The total error is the sum of these two components. The bias-variance trade-off arises because reducing one often increases the other. For example:

  • Increasing model complexity reduces bias but increases variance.
  • Simplifying the model reduces variance but increases bias.

Key Insights and Practical Implications

  • Bias leads to underfitting: The model is too simplistic to capture the data’s complexity.
  • Variance leads to overfitting: The model is too sensitive to the training data and captures noise as if it were signal.
  • Smaller datasets benefit from simpler models to avoid overfitting. Larger datasets can support more complex models without excessive variance.
  • The goal is to strike a balance between bias and variance, finding a model that minimizes the total error.
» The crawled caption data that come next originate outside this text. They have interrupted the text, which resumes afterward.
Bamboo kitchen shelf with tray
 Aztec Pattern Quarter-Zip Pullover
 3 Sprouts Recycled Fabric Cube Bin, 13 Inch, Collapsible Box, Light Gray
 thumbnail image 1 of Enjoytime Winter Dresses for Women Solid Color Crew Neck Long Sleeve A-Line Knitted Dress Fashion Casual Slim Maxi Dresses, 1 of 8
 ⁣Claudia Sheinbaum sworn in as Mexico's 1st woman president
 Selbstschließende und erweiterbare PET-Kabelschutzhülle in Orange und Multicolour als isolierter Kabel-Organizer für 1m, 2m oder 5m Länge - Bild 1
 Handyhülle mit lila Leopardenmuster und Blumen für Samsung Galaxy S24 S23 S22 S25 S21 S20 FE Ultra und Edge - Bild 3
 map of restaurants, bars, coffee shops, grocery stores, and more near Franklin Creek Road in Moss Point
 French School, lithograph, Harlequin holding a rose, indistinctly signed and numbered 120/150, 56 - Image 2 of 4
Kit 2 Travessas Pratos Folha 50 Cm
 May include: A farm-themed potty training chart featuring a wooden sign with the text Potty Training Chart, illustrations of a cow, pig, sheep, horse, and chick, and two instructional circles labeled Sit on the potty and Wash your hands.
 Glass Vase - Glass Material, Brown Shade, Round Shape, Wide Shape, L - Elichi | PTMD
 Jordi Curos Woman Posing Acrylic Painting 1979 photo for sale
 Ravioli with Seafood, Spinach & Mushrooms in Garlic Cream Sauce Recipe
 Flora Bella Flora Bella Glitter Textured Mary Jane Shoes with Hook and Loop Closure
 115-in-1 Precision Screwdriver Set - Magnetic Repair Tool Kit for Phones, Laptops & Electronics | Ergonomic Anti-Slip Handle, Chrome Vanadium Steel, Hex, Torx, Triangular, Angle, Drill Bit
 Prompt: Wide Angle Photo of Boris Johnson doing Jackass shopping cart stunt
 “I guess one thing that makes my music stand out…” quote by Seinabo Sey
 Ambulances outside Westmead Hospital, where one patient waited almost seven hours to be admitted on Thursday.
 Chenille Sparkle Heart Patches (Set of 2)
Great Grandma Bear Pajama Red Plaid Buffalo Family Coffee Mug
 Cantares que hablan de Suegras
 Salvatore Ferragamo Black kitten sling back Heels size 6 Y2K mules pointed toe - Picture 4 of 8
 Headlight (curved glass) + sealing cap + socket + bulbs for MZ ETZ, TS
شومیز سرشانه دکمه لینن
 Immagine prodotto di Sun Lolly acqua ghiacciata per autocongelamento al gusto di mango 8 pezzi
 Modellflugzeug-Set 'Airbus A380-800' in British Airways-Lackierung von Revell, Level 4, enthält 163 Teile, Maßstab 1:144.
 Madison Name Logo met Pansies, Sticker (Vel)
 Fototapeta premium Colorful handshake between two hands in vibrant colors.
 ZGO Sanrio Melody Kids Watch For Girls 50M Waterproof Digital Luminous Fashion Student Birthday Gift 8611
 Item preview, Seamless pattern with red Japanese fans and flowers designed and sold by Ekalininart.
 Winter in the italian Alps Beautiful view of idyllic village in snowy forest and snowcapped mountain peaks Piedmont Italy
Summary: Bias measures how far the average prediction is from the true function, while variance measures how much predictions vary across different datasets. A good model strikes a balance, avoiding both underfitting and overfitting.

Points to Remember

  • High bias = Strong assumptions, simple models, underfitting.
  • High variance = Complex models, overly flexible, overfitting.
  • Balance is key: Neither extreme leads to optimal performance.
  • The dataset size and problem complexity play significant roles in determining the ideal model complexity.

Understanding the bias-variance trade-off is crucial for building machine learning models that generalize well to unseen data, ensuring both accuracy and reliability.